OK now, does anyone reading this letter really believe that there is even one congressman or senator who has actually read all 2,000-plus pages of this bill? I am very doubtful that any of them has. I am even doubtful that very many of their staff members have read the entire bill. Our representatives tend to only read the parts that are good for their home districts and home states to make sure that there is sufficient pork in the overall bill to take care of "their people" back home.
As a group, our representatives are totally failing to represent the interests of the American people. I would like to challenge all members of Congress to take a 100-question test on the contents of this bill. A test prepared by any American citizen, and I would be highly surprised if more than a handful of our representatives were able to obtain a passing grade.
This bill is so lengthy and convoluted that even if it were good legislation, it would be impossible to implement and manage. This bill is not good legislation and it will be impossible to manage. The only people who will benefit from this legislation are those that sell the paper and ink upon which to print it and those who obtain many of the thousands of new government jobs that will be required to administer this bill.

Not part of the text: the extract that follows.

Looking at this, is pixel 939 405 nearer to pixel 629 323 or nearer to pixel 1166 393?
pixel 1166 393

There is only one solution to providing America with universal health care. The solution is that all 300 million people in this country must be placed into one risk pool and that pool of risks needs to be covered by one payer. I would suggest that the government should not be that one payer. However, if we are serious about making health care universal and affordable, this is the only realistic and affordable solution. If the current bill is passed into law, it will be a total disaster for both our health care system and our economy.
Rodney Pearson Sr.
Keedysville
Actions of climate experts were inexcusable
To the editor:
The headline on David Limbaugh's Dec. 12 column ("Climate Gate scandal exposes 'experts' as political hacks," page A4) was accurate, even if his conclusions were not. The climatologists in question deserve ridicule. Their actions were inexcusable.
Limbaugh's conclusion, however, that global warming is invalid due to the actions of these climatologists is incorrect. That is like saying that because some prominent clergy have disgraced themselves and a few priests are pedophiles that you should not believe in God. I think few would accept that argument.
Sadly, these climatologists have brought into question the vast and independent research on climate change, which overwhelmingly supports the view that increasing atmospheric carbon dioxide levels are driving global warming. That research, however, is still legitimate and still supports global warming.
Regarding atmospheric carbon dioxide, certain conclusions are still true. Human activity continues to increase carbon dioxide levels, causing global temperatures to rise. Natural processes are unable to remove the excess fast enough to stop the damage, which will soon be catastrophic. And worse, global warming is not the only danger.
Ocean acidification is yet another effect and will cause serious harm. Ocean acidity has increased 30 percent since the start of the industrial revolution, resulting in more corrosive sea water (www.pmel.noaa.gov/co2/OA/Ocean_Acidification%20FINAL.pdf). The science is uncontroversial freshman college chemistry.
Increasing atmospheric carbon dioxide is dissolving into the oceans, causing acidification. This results in the unavailability of carbonate needed by shell-forming organisms (clams, crabs, corals and plankton). It is already having an effect and could collapse the oceanic food chain.
Some marine biologists believe we will not reduce carbon emissions in time ("Ocean Reflux," Scientific American, July 2008). They might be right.